La Maison des Morts, la fureur de vivre

La Maison des morts, Sarah Pinborough

YOUNG ADULT — Sarah Pinborough est une romancière américaine spécialisée dans la fantasy et les romans d’horreur / terreur. Avec sa couverture glaciale et sa tranche sombre, la dernière parution — La Maison des Morts — de l’auteure aux éditions Milady a de quoi faire trembler, tout comme son résumé.

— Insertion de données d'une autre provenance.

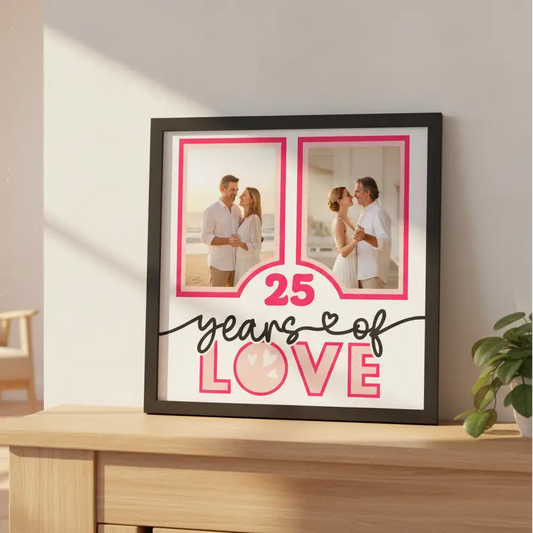 Framed photo album with '25 years of love' text and two blank pages.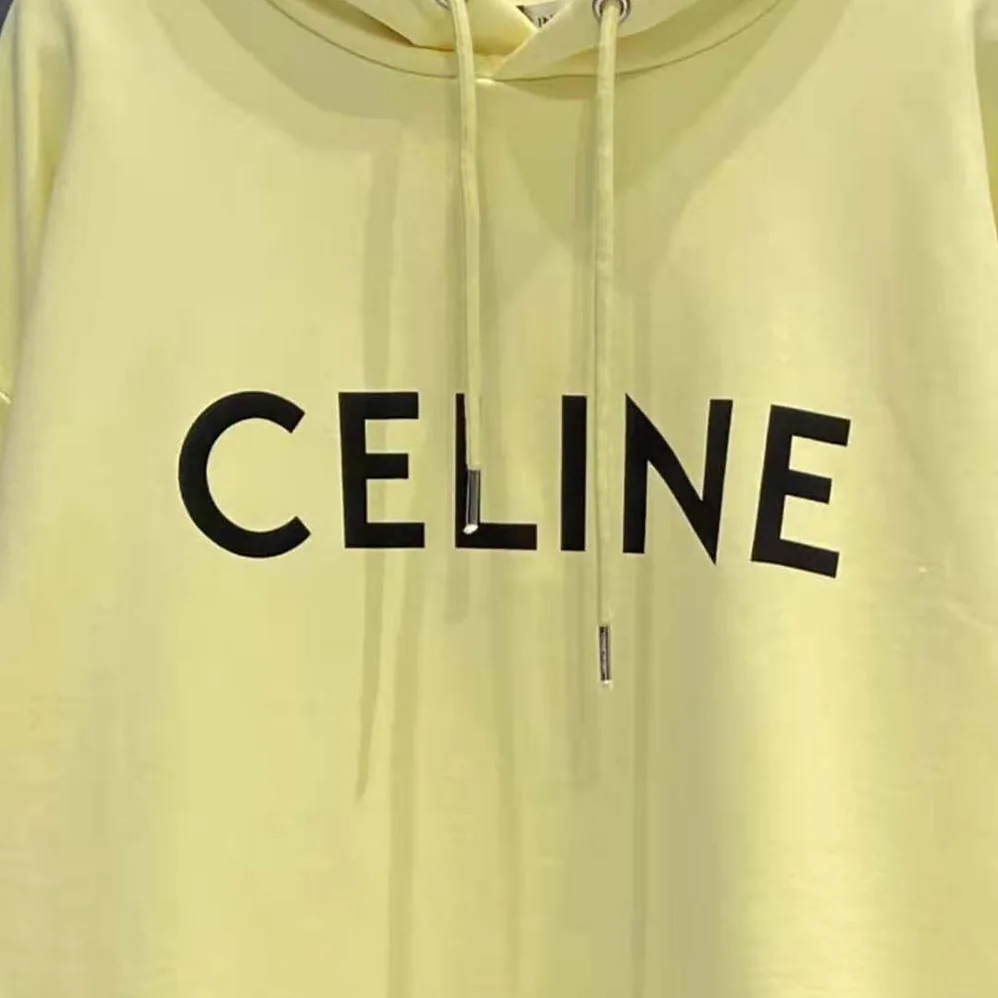 Celine Loose Celine Sweatshirt in Cotton for Women in Yellow Celine Loose Celine Sweatshirt in Cotton for Women in Yellow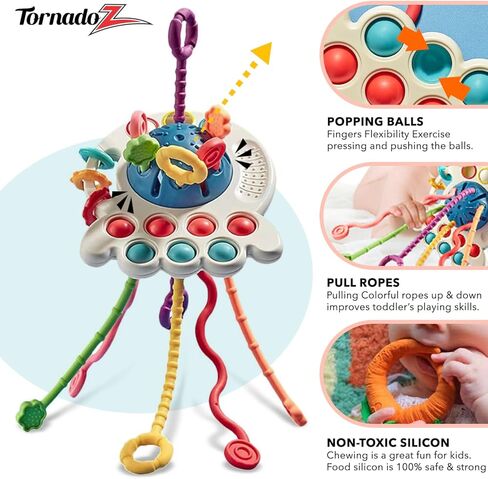 Montessori Toys for 18M+, Food Grade Soft Colorful Pull String Rattle Puzzle Rope Activity Sensory Baby Teething Toddlers Toy Sound Fine Motor Skill Nursery Car Crib Accessory Travel Bath 1 2 3 4 year in Kuwait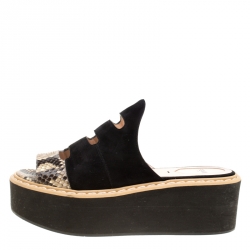 Pre Owned Fendi Black Suede And Python Leather Flowerland Runway Platform Slides Size 38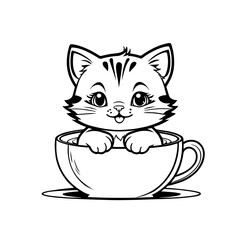 Funny Cat in a Cup of Coffee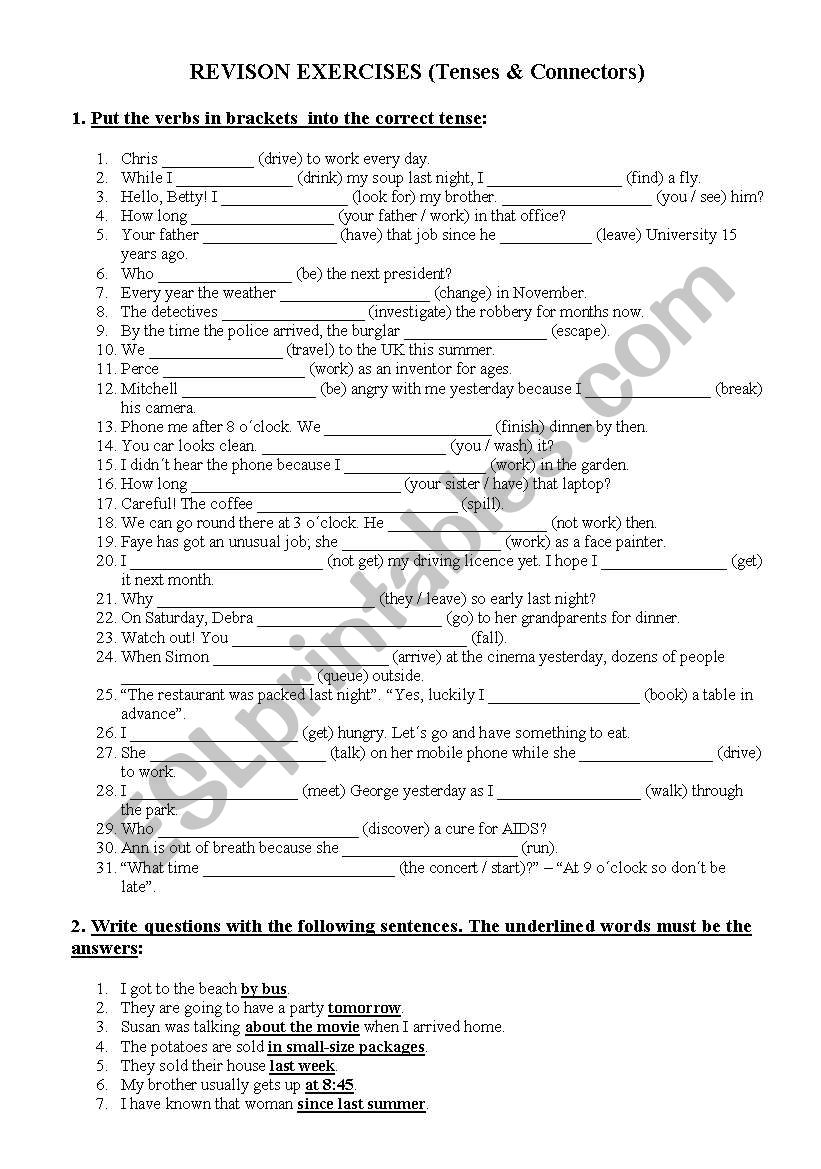 Tenses and Connectors 2 Bachillerato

Toby vivait une vie parfaitement normale. Jusqu’au jour où un test sanguin révèle qu’il est porteur d’une déficience. Arraché à sa famille à la suite du diagnostic, Toby va désormais vivre dans une maison sur une île déserte — la Maison des morts — avec les autres jeunes porteurs de cette mutation génétique. Là, les journées se suivent, dans la crainte du moindre nouveau symptôme, car alors chacun sait au fond de lui qu’on les emmènera au sanatorium, d’où personne ne revient jamais. Leader naturel du dortoir numéro 4, Toby lutte avec toute la fougue de ses 16 ans pour être résilient, oublier ses peurs, faire une croix sur son passé et sur sa furieuse envie de vivre. Pourquoi se battre contre l’inéluctable ? Jusqu’au jour où Clara débarque elle aussi dans la Maison des morts : le fragile équilibre est rompu et la quotidien de Toby prend un tournant inattendu.

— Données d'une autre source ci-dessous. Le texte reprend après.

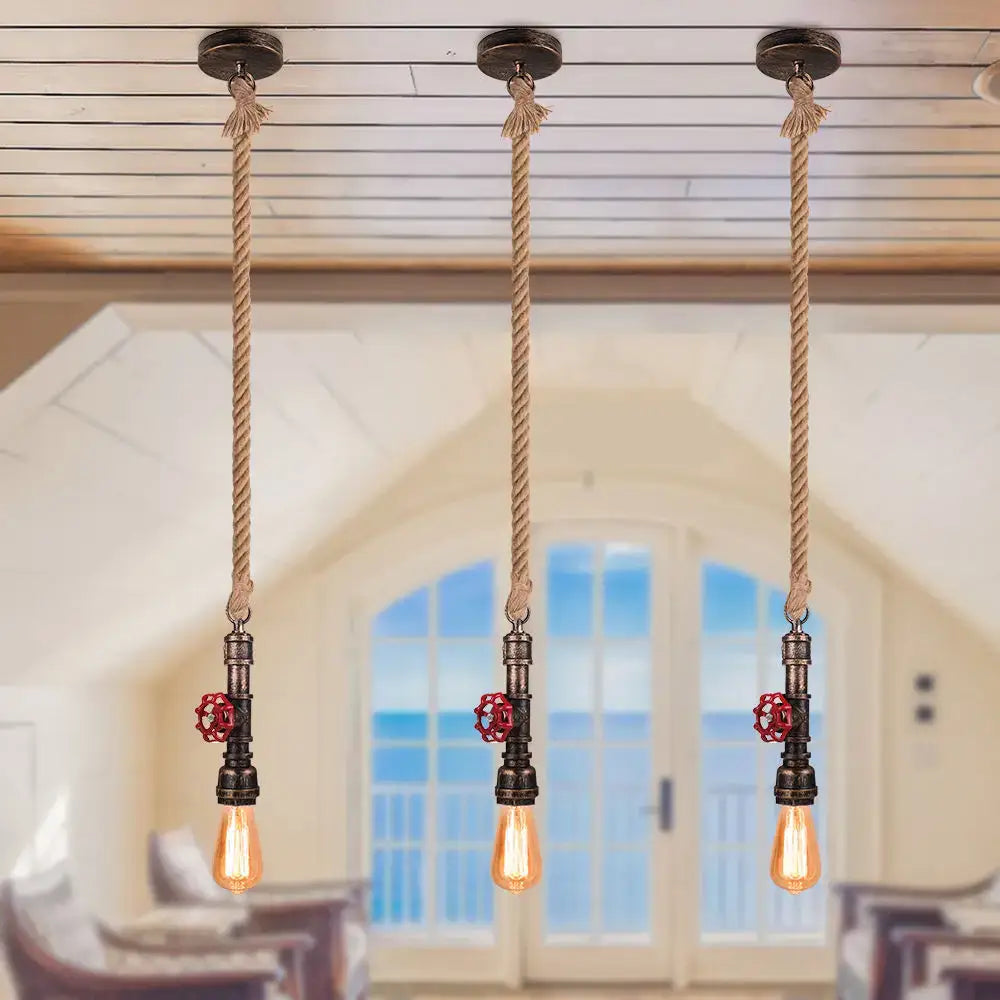 Industrial iron pipe pendant light with rope for dining room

Surprise : alors que la quatrième de couverture laisse à penser que nous allons avoir affaire à un huis-clos, voire à un thriller psychologique, l’histoire prend assez vite la direction d’une dystopie. Le choix d’utiliser des personnages mineurs n’y est sans doute pas étranger. D’ailleurs, Sarah Pinborough pousse l’opposition adultes / adolescents encore plus loin puisque toutes les personnes majeures de ce roman sont aseptisées, floutées, substituables les unes aux autres. Les adultes sont fades et inexistants, ce qui renforce cette impression de roman young adult.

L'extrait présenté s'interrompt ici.